小熊英二、「民主と愛国」を読み終えて。(その2)

あら、思ったことを書いただけで、色々あること、finalventがそんなに人気があるのは何故かしら、
あんなにいい加減なことばかり書くのに。finalventが下らないそそのかしをブログに書く権利があるように
わたしにもそれが気に入らないと書く権利がありますのであしからずご了承ください。
小熊英二の論理は簡単にくずせるとfinalventが書いてありましたのでもしできるなら
どなたかやったらいかがでしょうか、finalventが書くことは詭弁だと私は思いますけどね。
他の方がどう思おうとその方々の勝手ですのでお好きにどうぞ、
私は小熊英二と違って優しくはありませんので啓蒙精神はありませんし。
さて、「民主と愛国」、この本では戦後の混乱の中で「民主」と「愛国」と言う言葉がどのように用いられ、
どのように「変節」し、どのように派生していったかが、私のような政治や思想に何の興味もない人間にも
わかりやすく書かれている。私は上の下らない前置きに小熊英二と「啓蒙」の言葉を関連づけるように
つい書いてしまったが、小熊英二の書くものに「啓蒙」がよく意味するところの「押し付けがましさ」は
かけらほどもない。彼は大変あっさりと事実を、その根拠となるものを提示しつつ書く人だ。

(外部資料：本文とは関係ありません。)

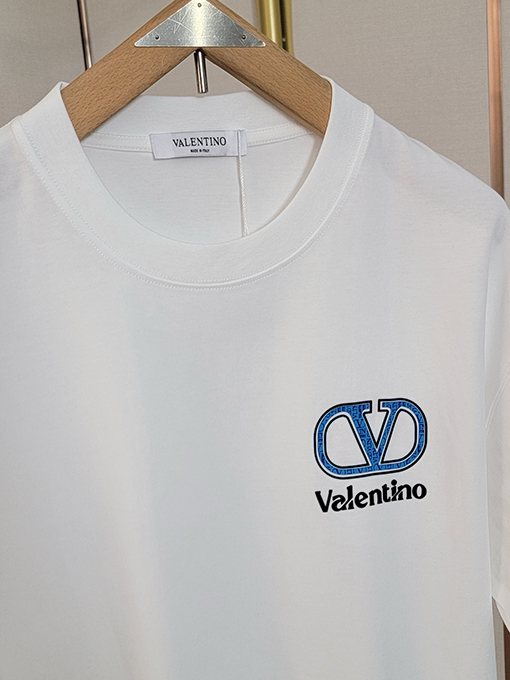 ヴァレンティノ 新しい象徴的なダブルVクラシック要素繰り返しテクスチャ文字半袖Tシャツ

「民主と愛国」は大変分厚い本であるが引用書籍の紹介に費やされている部分も多い。
故に本当はそれほど長くも、難しくもない本なのだ。小熊英二に批判的な意見によく彼が左翼であるという主張も
見かけられるがそんなことは決してない。むしろ「左」がしてきたことにやや懐疑的な趣さえ感じられる。
そしてその「右」「左」思想が戦後もどのようにクルクルと変わっていったかを呆れるほどあっさり書いているので
今の何が「右」やら「左」やらわからない状況がそれほど新しいものではないことに気付かせてくれる。

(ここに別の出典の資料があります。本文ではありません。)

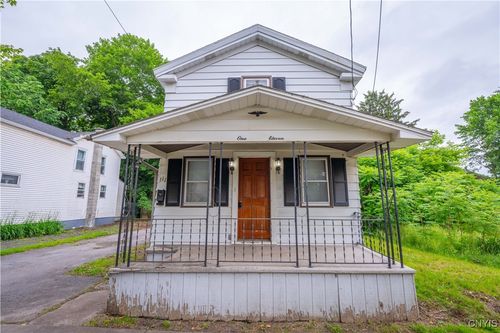 111 N Frankfort St, Frankfort, NY, 13340-1105 | Card Image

私はそもそも「右」「左」思想なんてものはとっくの昔に死に絶えたとばかり思っていたので、
ネットをはじめてあれこれ雑感を述べていると時々引っ掛かる意見に驚かされたものだ。
私自身は超保守のどちらかというと右寄りではないかと常々思っていたのがある人にとっては「左巻き」であったり、
(でも、私は今まで共産党の議員さんを「見た」こともないです、自民党議員なら身内にいますが)
また私が恐ろしい極右と思っていた鈴木邦男さんが今では「左」扱いだし、これは何故なのか、
大体「右」「左」というものは何を「核」にして成り立つものなのか、或いは何かが「支点」となっているのか、
直線上にある関係なのか、或いは丸いものなのか、1年ほど前に「左翼」「右翼」とは結局昔の日本航空
鶴のマークみたいなもんじゃないか、だから上部で右も左もつながってそれを外側から眺めたなら、
同じものを目指していると考えるべきではないのかと、ふと思った。決して対立するものではないのだと、考えたい。

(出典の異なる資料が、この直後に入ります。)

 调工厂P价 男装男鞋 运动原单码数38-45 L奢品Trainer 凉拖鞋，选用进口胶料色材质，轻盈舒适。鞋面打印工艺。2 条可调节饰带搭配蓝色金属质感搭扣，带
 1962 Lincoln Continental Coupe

自国の気の毒な従軍慰安婦の方に純粋な憤りを感じてつい間違った引用をしてしまう韓国の方々や、
また、東京裁判戦勝国が行ったというだけで受け入れがたいと考える日本人は同傾向と思うし、
そうしたものがお互い理解していけるのなら、そしてその鍵になるのが戦後の思想の流れの中にあるのなら
私は様々なことをもっと知りたいと願う。小熊英二は「民主と愛国」を書いていて絶望的な気分になったようなことを
どこか(「戦争が遺したもの」だったか?)で言って、だから最終章に「べ平連」のことを持ってきた、と、
でも私は格別「べ平連」がなかったとしてもそれほど絶望的にはならない、人間がずっと続いてきた証を、
敗戦が等しく日本人に遺した心の傷を、追い掛けていくことが絶望的なことだとは思わないからだ。
人間のやってきたことに発展がない、と私は思わない。進歩もあり、後退もあり、
でも時間が元には戻らないように私は人間の意識も着実に少しづつでも前に進んできていると思う。
私はそう思わねばいけないと知っている、絶望なんてやっても無駄だ、
思想を知らない人間はそういうことだけはちゃっかりしているのだ。